俳句に限らず、日常生活全般において、不調というほどではないけれども
「何となく、いろいろなことがスムーズに回っていないな」という時が往々にしてある。しかし、相変わらず仕事は毎日後を追いかけてくる。
そんな日々が長く続くと、ストレスを自分の中からうまく逃がすことができず、よくわからないイヤーな疲れが心身に澱のように沈殿していく。

コロナ以降、とくに顕著になっているような気がする、こんな状況。
「心身の停滞」といってもよいのだろうか。困ったものである。

特に困るのが、俳句である。
精神や感覚のセンサーが鈍ってくると、発想やひらめきがやってこなくなる(キャッチする力が鈍化したり、タイミングもおかしくなる)。その結果、俳句を作れなくなる。そのことが続くとつらくなり、何度かマズい状況に陥ったことも。
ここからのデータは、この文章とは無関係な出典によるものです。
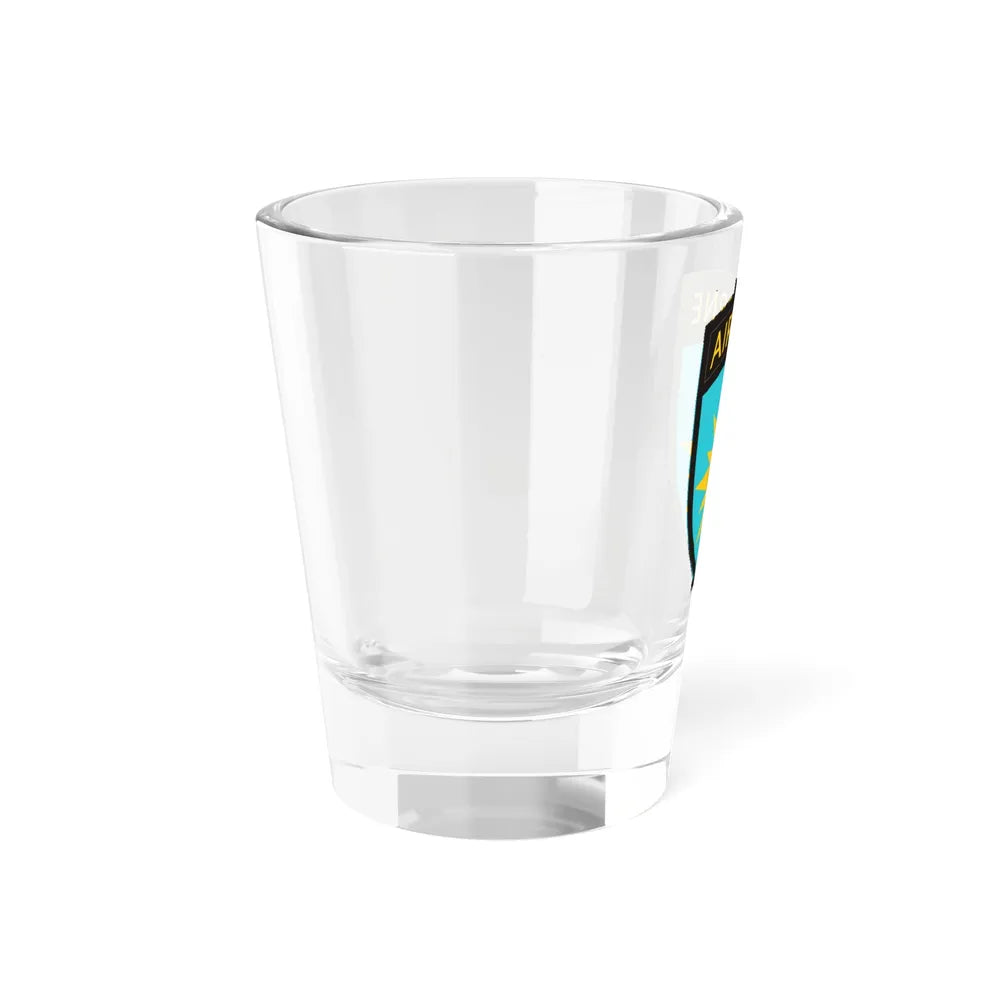 Special Operations Command Pacific (U.S. Army) Shot Glass 1.5oz - Go Mug Yourself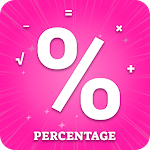 Cover Image of Download Percentage Calculator  APK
俳句を作るうえで「出会い」のような発想やひらめきに遭遇して作品化に成功すると、心の新陳代謝は自然と促される。
その時のあの「心身がぱーっと開放された自由」、そしてそこから生じる何とも言えない幸福感。日常のネガティブな経験さえも吹き飛ばすような、今ならすべてを受け入れられるぜ! みたいな高揚感。

あ~あ いつまでこんな日々が続くのさ。
ポジティブなタイプの私だが、さすがに閉口していた。

そんなある日。
いつもお世話になっている方から、Aという新しい企画をいただいた。
初めての試みで誰にやってもらうか? という話になった時に私の名前が出たとのこと。
それは私にとって願ってもない話だったのだが、実は1日前にBという話がきていたのである。BはAほど条件や希望に合っていないのだが「アリかな」と仮に受けていた。

「AとB、両方やるか~? 
でも、ちょっと時間的にも体力的にもキツイかも……」

しかし、本能は
「Aだけにしろ、Bは断れ! 心を疲れさせるな!」と
ムクムク大きく主張。
そこへ、電話が鳴った。相手はBの話を持ってきてくれた方の上司。
以前、少し縁があったのだが、しっかりしたクレバーな方。
働く者として、勝手に「通じ合うもの」を相手に覚えていた。

その上司は開口一番
「Bはやめておいた方がよい、あなたのキャリアには不要」。
びっくりした。Aの話をまったくしていないのに、何で??
それで、スムーズにBをお断りすることができ、念願のAのみに着手することができるようになった。

そんなことがあって、久しぶりに思い出した。
「風通しのよい心と体が、すべてをよい場所へ導く」

決まる時は何をしなくても自然と決まる。
同様に動くべき時が来たら、自然といろいろなことは動きだす。
だから、それまでは止まっていていいし、無理に動かなくていい。
どうにもこれは……というものは、時に見送ったっていい。

大事なのは、動くべき時、決まる時が来た時にそのこと(機会)をきちんとキャッチできる風通しの良い心の状態に自分自身を整えておくこと。
そして、それに呼応して身体(自律神経)も本来あるべき、ニュートラルな状況へ自然と戻っていく(多分、ヨーガはこういうことを実践しているのではないでしょうか、個人の勝手な見解ですが)。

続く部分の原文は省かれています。